The whole thing is a thin shell script plus a prompt file. No new microservice. No Hangfire job. Just cursor agent --print, MCP, and macOS launchd.

Why local instead of cloud?

We considered three options:

Approach	Pros	Cons
Grafana alerting only	Fast, native	Alerts ≠ triage; no codebase context; noisy
Cursor Cloud Automation	Always on	Less repo/shell control; MCP catalog constraints
Local agent loop	Full git + bash; your MCP config; phased rollout	Mac must be awake; you own the scheduler

We picked local because the valuable end state includes write-capable fixes in a specific GitHub repo, with explicit allowlists and blocklists. A headless Cursor Agent on your laptop gets the same tools you use in the editor—Grafana MCP, Linear MCP, gh, Mailgun—without standing up another runner.

The trade-off is honest: if your laptop sleeps, you miss an hour.
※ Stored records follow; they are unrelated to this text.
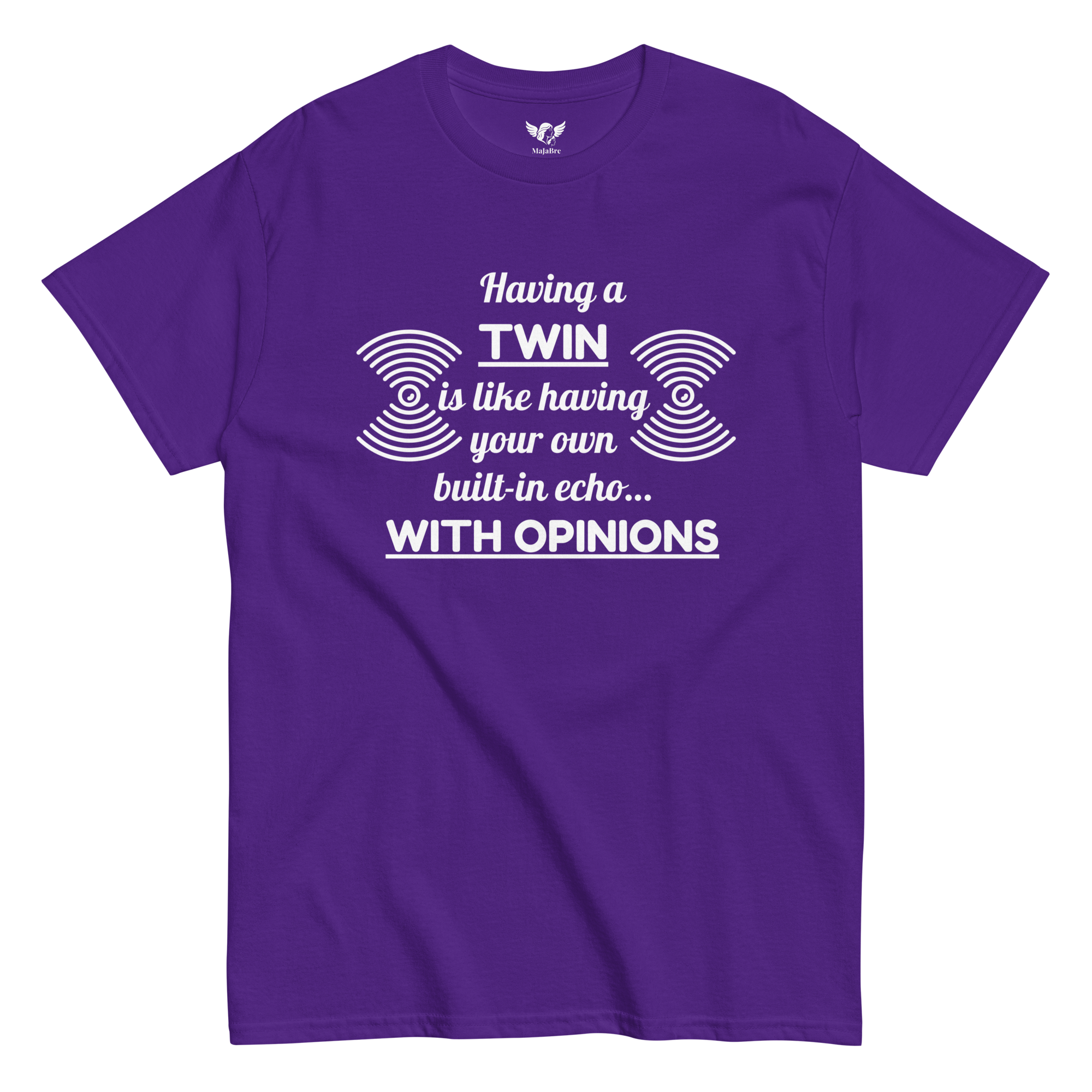 Twin vibes t-shirt - twin with opinions (white, purple shirt)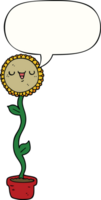 cartone animato girasole con discorso bolla png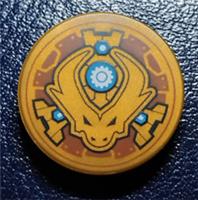 Lego printed tile 2x2 round Ninjago dragon with cog design. Part 14769pb656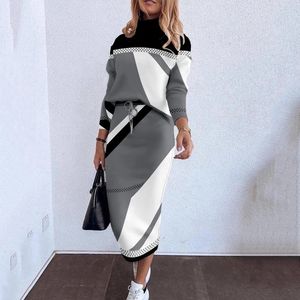 Two Piece Dress Autumn Winter Printing Women Dress Suits Fashion Casual Loose Pullovers and Drawstring Slim Skirts Female Two Piece Sets 231216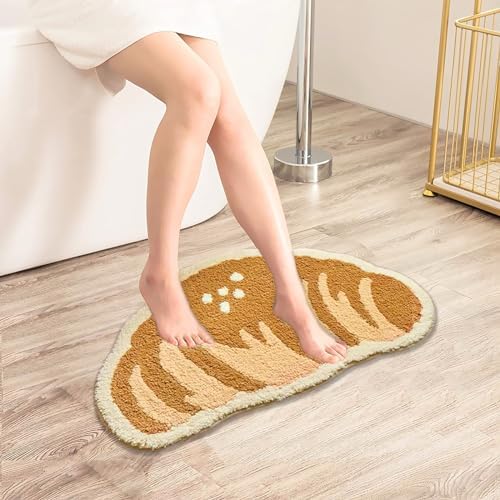 UKELER Funny Croissant Bath Rug Non-Slip Fluffy 2516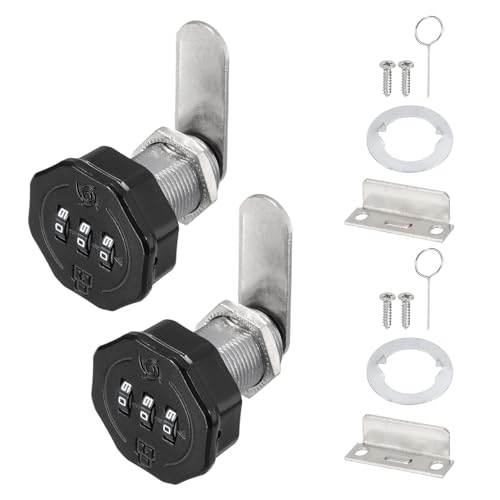 PATIKIL 2 PCS Combination Cabinet Cam Lock, 3-Digit Keyless Metal Locks with 13/16Inch Cylinder for Cabinet Drawer Doors Deposit Box Filing Mailbox, Black - color: Black, size: 13/16Inch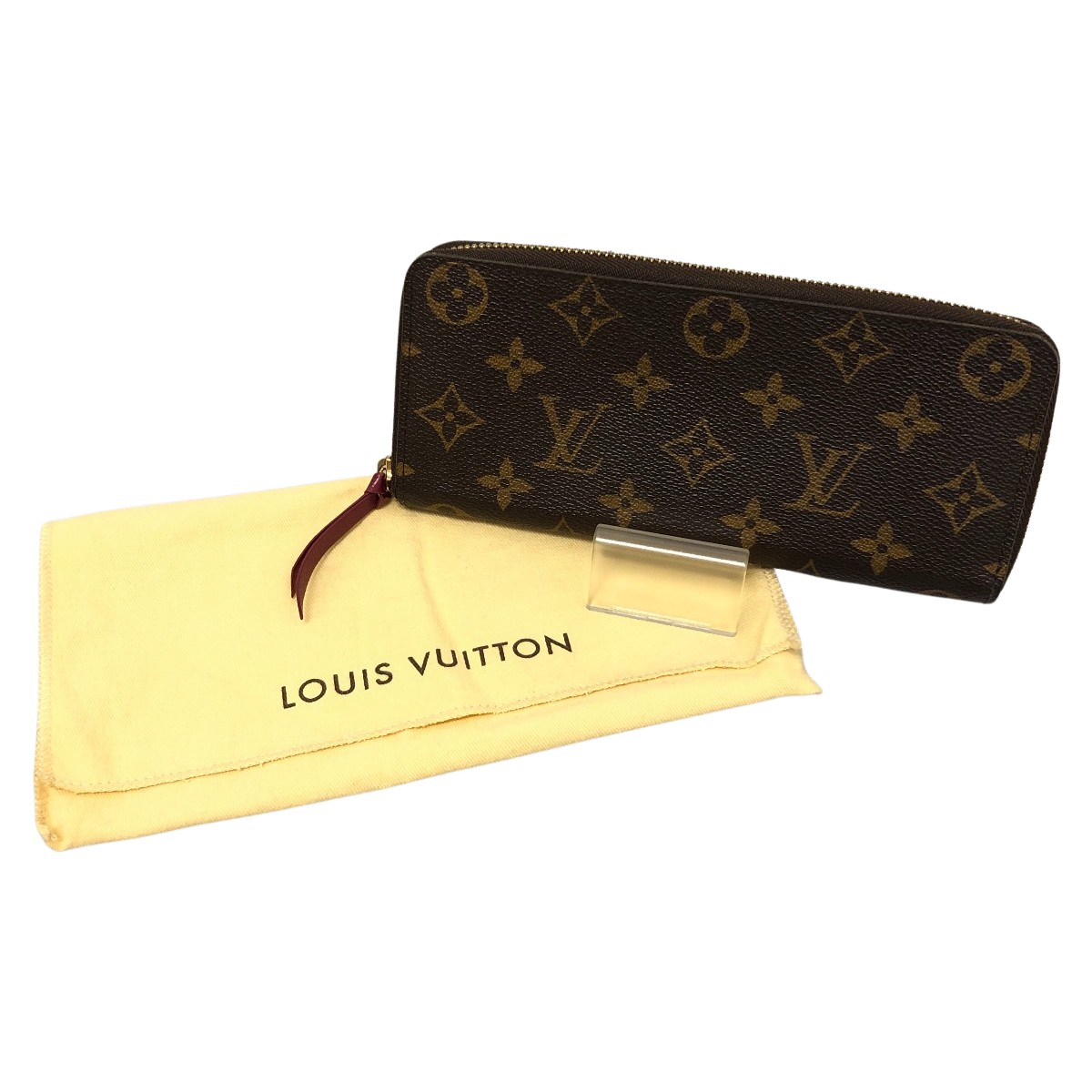 □□【中古】LOUIS VUITTON ルイヴィトン 長紙入れ モノグラム ポルトフォイユ・クレマンス M60742 フューシャ B位置づける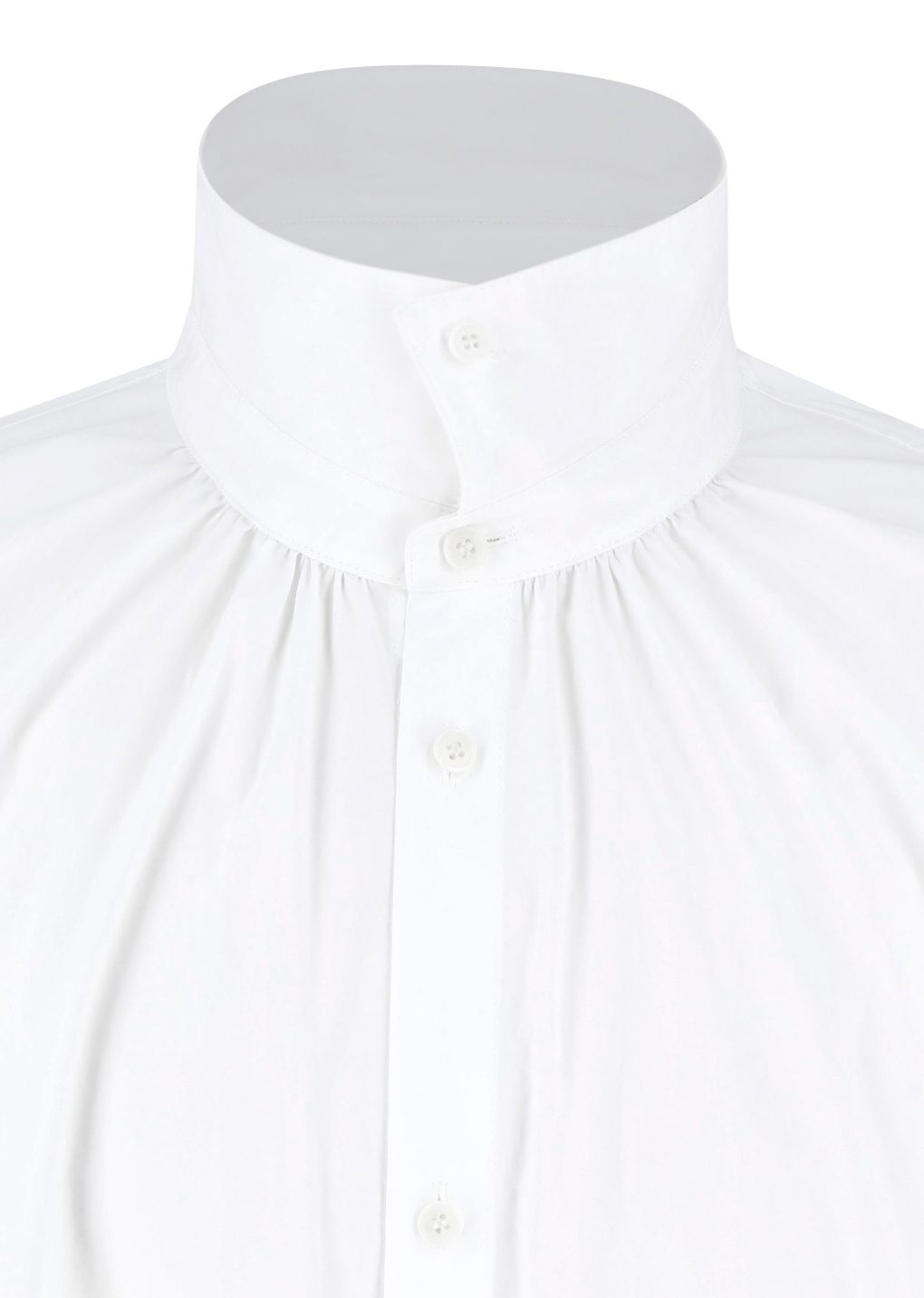 neck shirring shirt, white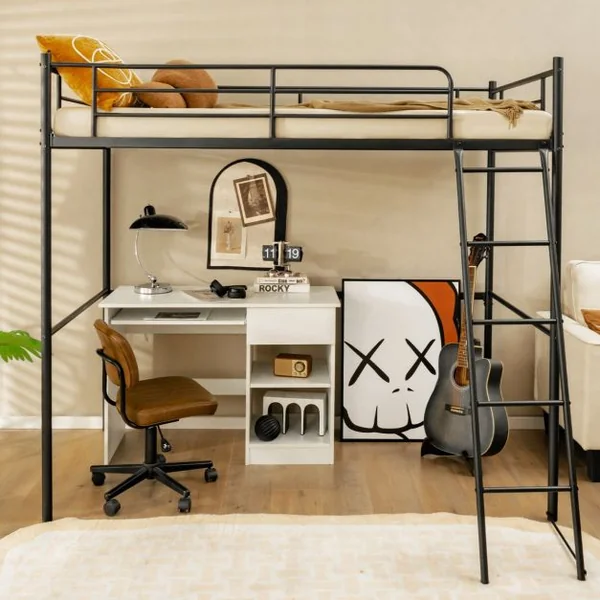 Lit Mezzanine en Métal Lit Mezzanine en Acier avec Échelle Lit Surélevé pour Adolescents et Adultes 206x95x180,5CM Noir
That’s acceptable when each run looks back 60–90 minutes anyway.

Architecture at a glance

Six pieces, all in your application repo under something like scripts/OpsHealthAgent/:

run-hourly.sh — loads env, verifies git remote, enables MCPs, invokes the agent
prompt.md — the playbook: which queries to run, how to classify severity, what to do next
.cursor/rules/ops-health-agent.mdc — persistent constraints (PR blocklist, Linear workflow, phased rollout)
.cursor/mcp.json — minimal MCP config (Grafana + Linear) for headless CLI
state.json — local dedup fingerprints (gitignored)
send-critical-email.sh — small Mailgun helper the agent calls via bash

Optional seventh piece: a launchd plist for hourly scheduling after you’ve validated manual runs.

What each run actually does

Every hour (or whenever you invoke the script), the agent:

Collects signals from the last hour via Grafana MCP:
- Application logs — structured Error/Fatal volume vs baseline, domain-specific patterns (database, jobs, payment, auth)
- Kubernetes container logs — Promtail labels (namespace, pod, container); error-like stdout/stderr cluster-wide and in platform namespaces
- Kubernetes metrics — restarts, OOM, CrashLoopBackOff, Pending/Failed/Not Ready pods, CPU/memory vs requests, node pressure
- Application metrics — HTTP 5xx, health-check dashboards
- Managed service metrics — e.g. RavenDB scrape health, index errors, disk I/O (throughput/IOPS + attribution), disk space and license pressure
- Monitoring stack self-health — Loki/Grafana/Prometheus errors
Classifies severity — Critical / High / Medium / Low with explicit criteria
Dedupes — fingerprint = normalized error + service or namespace/pod; same fingerprint within 24h → comment on existing Linear issue, don’t spam new ones
Files Linear issues — with Grafana deeplinks, assignee, labels (we use a dedicated OPS_HEALTH label)
Emails on Critical (phase 2+) — with 4-hour dedup so you don’t get paged twice for the same fire
Opens PRs (phase 3+) — only for allowlisted paths and never for payment/auth/infra manifests in a separate repo

That last point matters: observability infra (Kubernetes manifests, Loki config, database scrape jobs) often lives in a different repo from application code. The agent still creates Linear issues for infra and platform problems, but auto-fix PRs target one application repo only.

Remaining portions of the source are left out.